**What is needed**
Only the opening lines of the listing, through the one with "Image of Branded", are to be retyped, each exactly as it stands.
- - -
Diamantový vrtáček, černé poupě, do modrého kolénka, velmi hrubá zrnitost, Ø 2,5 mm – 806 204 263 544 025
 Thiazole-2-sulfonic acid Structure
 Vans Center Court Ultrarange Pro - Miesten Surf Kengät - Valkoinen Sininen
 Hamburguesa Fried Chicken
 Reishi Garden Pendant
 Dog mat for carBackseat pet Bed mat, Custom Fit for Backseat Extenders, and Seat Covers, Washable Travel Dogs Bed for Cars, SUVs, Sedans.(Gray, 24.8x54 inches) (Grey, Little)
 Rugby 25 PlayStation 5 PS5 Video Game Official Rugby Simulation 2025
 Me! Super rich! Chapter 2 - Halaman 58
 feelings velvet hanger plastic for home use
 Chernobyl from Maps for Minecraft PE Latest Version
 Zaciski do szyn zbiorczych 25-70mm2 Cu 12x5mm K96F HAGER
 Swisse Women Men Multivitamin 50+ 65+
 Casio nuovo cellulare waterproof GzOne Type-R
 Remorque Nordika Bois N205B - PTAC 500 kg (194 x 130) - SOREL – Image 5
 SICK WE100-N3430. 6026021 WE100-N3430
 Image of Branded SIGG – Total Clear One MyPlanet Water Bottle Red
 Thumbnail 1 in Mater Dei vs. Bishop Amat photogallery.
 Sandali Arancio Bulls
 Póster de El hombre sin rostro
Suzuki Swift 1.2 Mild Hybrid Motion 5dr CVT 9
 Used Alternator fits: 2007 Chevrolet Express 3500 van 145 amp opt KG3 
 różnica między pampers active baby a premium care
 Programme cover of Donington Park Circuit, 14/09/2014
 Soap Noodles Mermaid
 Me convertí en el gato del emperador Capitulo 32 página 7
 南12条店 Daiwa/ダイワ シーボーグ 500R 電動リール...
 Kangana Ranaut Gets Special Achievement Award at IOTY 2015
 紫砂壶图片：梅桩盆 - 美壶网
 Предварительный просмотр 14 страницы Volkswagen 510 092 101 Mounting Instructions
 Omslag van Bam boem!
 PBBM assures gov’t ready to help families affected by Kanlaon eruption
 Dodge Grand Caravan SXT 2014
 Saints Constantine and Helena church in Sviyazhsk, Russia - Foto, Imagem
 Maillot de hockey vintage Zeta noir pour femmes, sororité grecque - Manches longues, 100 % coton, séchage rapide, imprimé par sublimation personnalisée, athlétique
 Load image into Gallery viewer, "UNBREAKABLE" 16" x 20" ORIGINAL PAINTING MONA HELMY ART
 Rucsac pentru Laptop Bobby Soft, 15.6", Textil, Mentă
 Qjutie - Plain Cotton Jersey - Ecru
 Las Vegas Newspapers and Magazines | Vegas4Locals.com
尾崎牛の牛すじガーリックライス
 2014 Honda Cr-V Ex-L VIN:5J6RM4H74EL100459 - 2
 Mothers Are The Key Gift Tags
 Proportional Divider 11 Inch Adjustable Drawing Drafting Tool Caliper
- - -
**Solution to the exercise**
Diamantový vrtáček, černé poupě, do modrého kolénka, velmi hrubá zrnitost, Ø 2,5 mm – 806 204 263 544 025
 Thiazole-2-sulfonic acid Structure
 Vans Center Court Ultrarange Pro - Miesten Surf Kengät - Valkoinen Sininen
 Hamburguesa Fried Chicken
 Reishi Garden Pendant
 Dog mat for carBackseat pet Bed mat, Custom Fit for Backseat Extenders, and Seat Covers, Washable Travel Dogs Bed for Cars, SUVs, Sedans.(Gray, 24.8x54 inches) (Grey, Little)
 Rugby 25 PlayStation 5 PS5 Video Game Official Rugby Simulation 2025
 Me! Super rich! Chapter 2 - Halaman 58
 feelings velvet hanger plastic for home use
 Chernobyl from Maps for Minecraft PE Latest Version
 Zaciski do szyn zbiorczych 25-70mm2 Cu 12x5mm K96F HAGER
 Swisse Women Men Multivitamin 50+ 65+
 Casio nuovo cellulare waterproof GzOne Type-R
 Remorque Nordika Bois N205B - PTAC 500 kg (194 x 130) - SOREL – Image 5
 SICK WE100-N3430. 6026021 WE100-N3430
 Image of Branded SIGG – Total Clear One MyPlanet Water Bottle Red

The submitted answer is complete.